Could i use couchbase for token generation and validation systems

I am designing a high volume service which essentially works as a token creation and validation service. Today we use SQL based databases which are fast failing to scale and the alternative that we are looking at is Couchbase server (memcached). However, the use case is the token generated by this service is sent to other services where the token will be used for authentication. If the replication is not fast enough, the authentication fails. Is there a simpler means to achieve this either via code or any other alternatives is also welcome. This seems to us to be a "read-your-own-write" use case.
There is no consistency API for XDCR right now. It's probably somewhere on the dev roadmap, because it's one of the commonly requested features.
If you want to get RYOW consistency across data centers, our only option is to write to all the DCs simulataneously from the application code. Of course, it's not atomic, but you can work around that somewhat by waiting for all the clusters to acknowledge the write before proceeding.
I think you might be misunderstanding what replication is for in Couchbase. Couchbase is strongly consistent for standard data operations. If you write a document or key/value pair, you can immediately read that object. No waiting for replication. The use case you are talking about is a very common one for Couchbase.
The only things that are eventually consistent in Couchbase are XDCR, for obvious reasons, and reading from views. Even then, this can be minimized with proper cluster sizing.

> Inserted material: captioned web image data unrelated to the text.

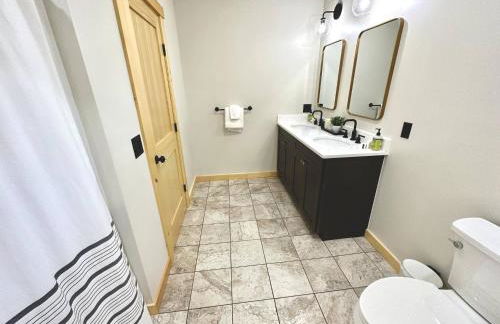 Sunset Over Stanton, New Home w/ Hot Tub/Fire Pit - Foto 22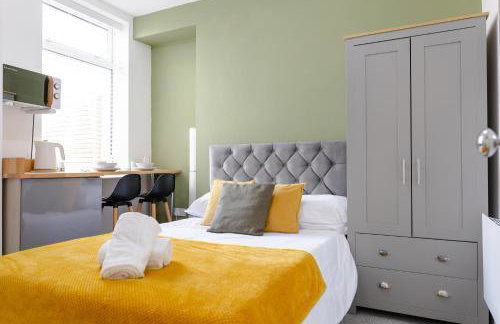 Bay City Studio Apartments - Foto 1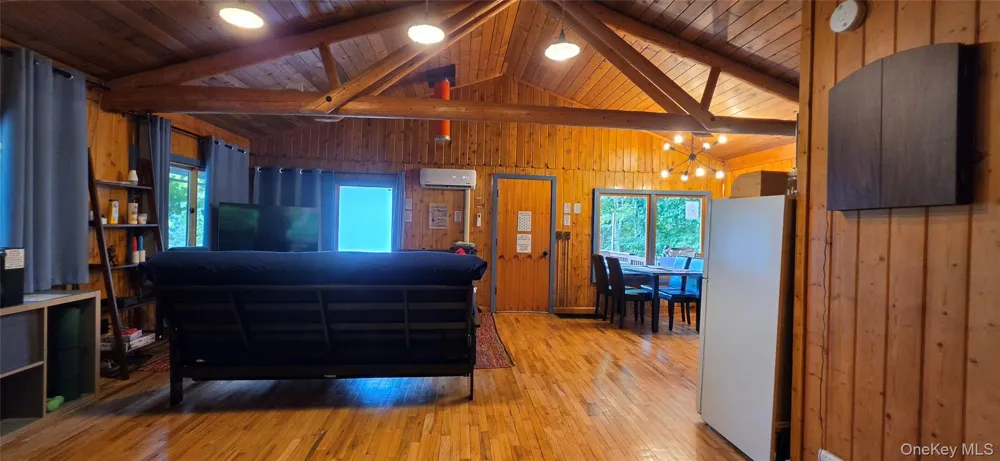 586 Lake Shore Lane Narrowsburg, NY 12764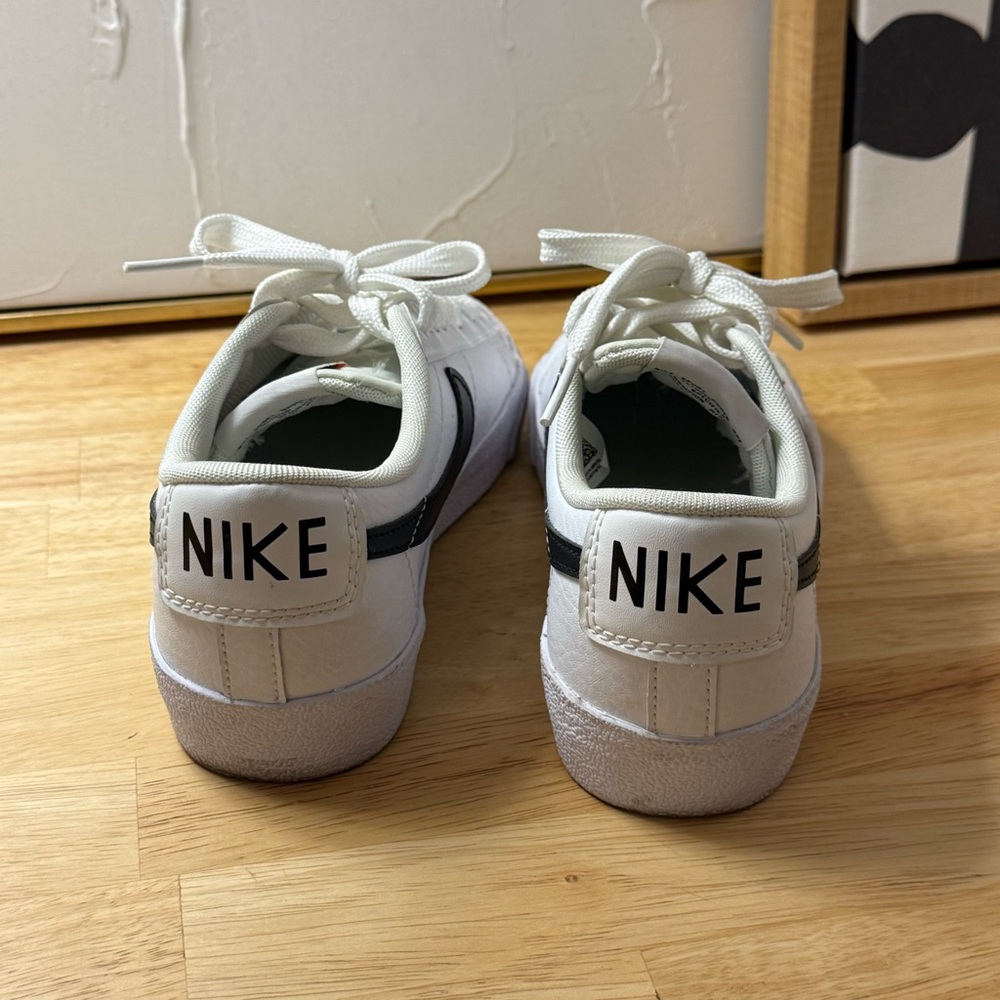 Nike Kids' Blazer Low '77 Low Top Sneaker (Big Kid) • White/Black EU 36 - Picture 5 of 7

Couchbase - what happens if a node dies after writing data to disk but before it gets replicated

Here is the scenario.
I have two nodes under my couchbase server, Node A and B.I have replication on, so B will act as the node where replicated data of A should go.
Lets say that I try adding a new record and it happen to get saved at node A. Node A saves this data on RAM and on its disk successfully but UNFORTUNATELY, it crashes even before this data could get replicated to Node B
If I have configured automatic failover, Then all requests for Node A data will now go to Node B.
My question is Will I be able to get this new data which could not get replicated to node B but was successfully written over Node A's Disk? considering that Node A is down and all i have is Node B to communicate with
If yes, Please explain how. if no, Is there any official couchbase doc mentioning this behavior.
I tried looking for an answer in the official document and mostly it look like that answer is no, But thought of discussing this here before concluding that its data loss for sure.
Thanks in advance
In the scenario you described, yes the data will not be available, assuming you didn't check that the data had been successfully replicated. However note that replication will typically complete before perisistance, as the network is typically faster than disk.
Couchbase provides an observe API which allows you to verify that a particular mutation has been replicated and/or persisted. See Monitoring data using observe in the Couchbase developer guide.